Antonin Artaud, do êxtase à vertigem

Zemaria Pinto



Monument to Antonin Artaud, por Yuri Zupancic.



A modernidade oscila entre o Mal e a Loucura. No meio destes, a solidão é o reflexo da liberdade que o artista logra conquistar para ser fiel à sua criação. A tentação do abismo pode ser uma viagem sem volta. Ao artista, dividido entre o homem-social e o homem-criador, resta a fuga pelos caminhos obscuros do misticismo ou das drogas. Ou de ambos.

Das experiências de Baudelaire, escrevendo sob o efeito do haxixe e do ópio, até a iniciação de Huxley com a mescalina, descrita em As portas da percepção, o Surrealismo abriu às artes, e em particular à literatura, a possibilidade de rejeitar o racionalismo e a lógica, enveredando pelo desconexo, pelo absurdo. O delírio paranóico, síntese lúdica do real desprezado, era o ideal dos que buscavam a alienação como forma de atuar criticamente na sociedade do entreguerras. Experimentar a loucura sem perder o equilíbrio passou a ser o fim de uma arte que buscava a interpretação sensorial do mundo. O artista não pode sentir da mesma forma que o homem comum, logo, ao homem duplo, dividido, deve compensar a transcendência da percepção.

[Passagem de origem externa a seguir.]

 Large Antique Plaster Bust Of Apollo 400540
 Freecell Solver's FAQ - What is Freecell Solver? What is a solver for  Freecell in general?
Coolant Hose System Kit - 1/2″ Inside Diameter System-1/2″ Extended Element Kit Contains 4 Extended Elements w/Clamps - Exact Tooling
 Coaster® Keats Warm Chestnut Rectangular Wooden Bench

Quando Antonin Artaud, poeta e dramaturgo francês, escreveu a versão definitiva de A Dança do Peiote, relatando sua passagem e iniciação entre os índios Tarahumaras, no México, já estava num estágio avançado dessa caminhada: a vertigem dos loucos que não têm mais poder sobre si. O que Artaud buscara sempre, o domínio da linguagem para fazê-la explodir para além das convenções sociais e das limitações da arte ocidental, acaba por levá-lo à solidão libertária da loucura. Como Holderlin e Nietzsche, Artaud permanece indecifrado: “eu não separo o meu pensamento da minha vida”. O paradoxo que se instala, o artista à frente de seu tempo, só pode ser aceito a partir da compreensão de certa metafísica da dor: “tudo o que não for um tétano da alma, ou não provier de um tétano da alma, não é verdadeiro e não pode ser aceito como poesia”. A crueldade, sobre a qual ele arquitetava a derrocada da linguagem, era, sobretudo, consigo mesmo – o “outro”, aos poucos, tomava o lugar do “eu” solitário, rompido, fragmentado, buscando a libertação.

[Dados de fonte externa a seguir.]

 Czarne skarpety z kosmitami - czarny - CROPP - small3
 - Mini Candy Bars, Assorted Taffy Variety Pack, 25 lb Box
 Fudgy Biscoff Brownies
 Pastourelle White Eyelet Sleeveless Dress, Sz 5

A homenagem que Jorge Bandeira presta a Antonin Artaud neste Bela crueldade procura resgatar o ethos artaudiano, num ritual dionisíaco, trazendo-o do deserto mexicano para uma Manaus delirante, atualizando-o em seu protesto contra a bomba atômica, mas mantendo-o próximo de seus demônios mais íntimos. Jorge Bandeira não pretende a cura. Antes, decifra um “tétano na alma” para “mostrar apenas a verdade/ do possível grito humano”, ao perguntar “o que fez alguém amar/ com tanto fervor o Teatro/ a ponto de perder-se dentro/ de si?”. É com surpresa e alegria que descubro no excelente ator, já conhecido, um poeta ciente de seu ofício, capaz de levar às últimas consequências a máscara do Artaud com quem ele sonhou, fugindo do lirismo babaca que empesteia a provinciana poesia baré.

Apresentação de Bela crueldade, de Jorge Bandeira, de 1996. 2a. edição, em e-book, 2011.